November 23, 2024

The wonks call it climate Christmas – the dump of Australian climate change information from the federal government that happens shortly before the end of the parliamentary year, and just as the annual UN climate summit kicks off.

It’s impossible to get across it all in one brief sitting, so this is by necessity a first look only, but the hundreds of pages of data published in five documents on Thursday tell us a lot about where Australia is up to on the climate crisis, and where it is heading.

Perhaps the most striking is the annual progress report by the Climate Change Authority, the independent advisory body that has had its funding and role restored since Labor was elected.

It is blunt on the scale of the damage already being done to people and nature from human-caused global heating. “This is what 1.1C degrees of warming has looked like this year: news about wildfires in countries such as Hawaii, Spain, Greece and Canada; floods in China, India, Pakistan and Nigeria; and heatwaves in the UK, Europe and India,” the report says.

“July 2023 was the hottest month in over a century of global temperature records, and thousands of climate records have been exceeded worldwide. The risks of cascading effects and tipping points are mounting. Winter sea ice in Antarctica was at a record low in 2023 and ocean currents are slowing. Only strong and urgent action to reduce greenhouse gas can get us on a much safer climate trajectory.”

This summary, both shocking and familiar, bears repeating and absorbing. But the authority is equally blunt on the evidence of the straight-up economic risks to Australia if it fails to act, which remains less well understood.

It says time is running out for Australia to make the shift to being a “prosperous net zero economy on our own terms”. The message is: change is coming one way or the other. Australia can either quickly embrace the opportunities of a low emissions world, or suffer the consequences of having it forced upon it.

Those consequences are brutal economic disruption. It describes Australia as a “small, open and emissions-intensive economy, reliant on inflows of foreign capital and export income” that can “expect to feel the full force of the global transition to net zero emissions”.

Chris Bowen makes a similar case, albeit using different language. In his annual climate statement to parliament, the climate change minister argued the Albanese government was acting, but warned of challenges ahead.

He said a race for global capital was well under way, spurred by the extraordinary A$560bn clean energy incentives and tax credits included in the US Inflation Reduction Act, with the EU, Canada and Japan among those to have introduced measures in pursuit. He could have also mentioned China, which two reports this week found has been building wind and solar capacity at twice the rate of the US and Europe combined.

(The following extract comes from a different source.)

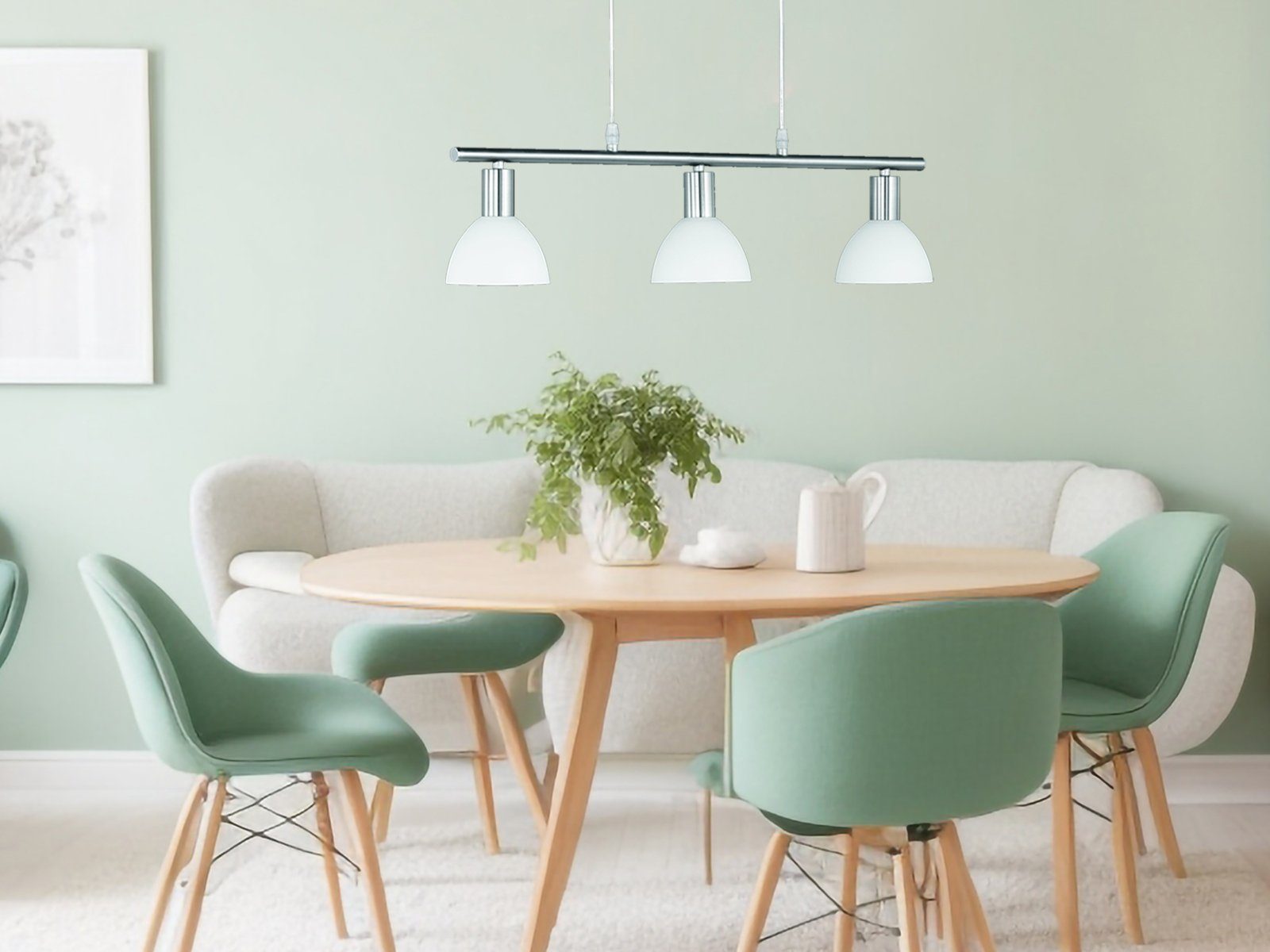 Reality Leuchten LED Pendelleuchte, Dimmfunktion, LED günstig online kaufen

Bowen said while Australia had world-leading resources in solar, wind and critical minerals, that alone would not make it a renewable energy superpower. He summarised: “Having a clearly articulated plan for the transition is no longer optional, but a baseline expectation of capital markets.”

Does Australia have a clearly articulated plan? Bowen says yes. The climate Christmas report avalanche tells us there’s plenty of detail to come.

The immediate picture isn’t great. The new quarterly emissions data for June, covering Labor’s first full-year in office, shows pollution went up by 0.8%.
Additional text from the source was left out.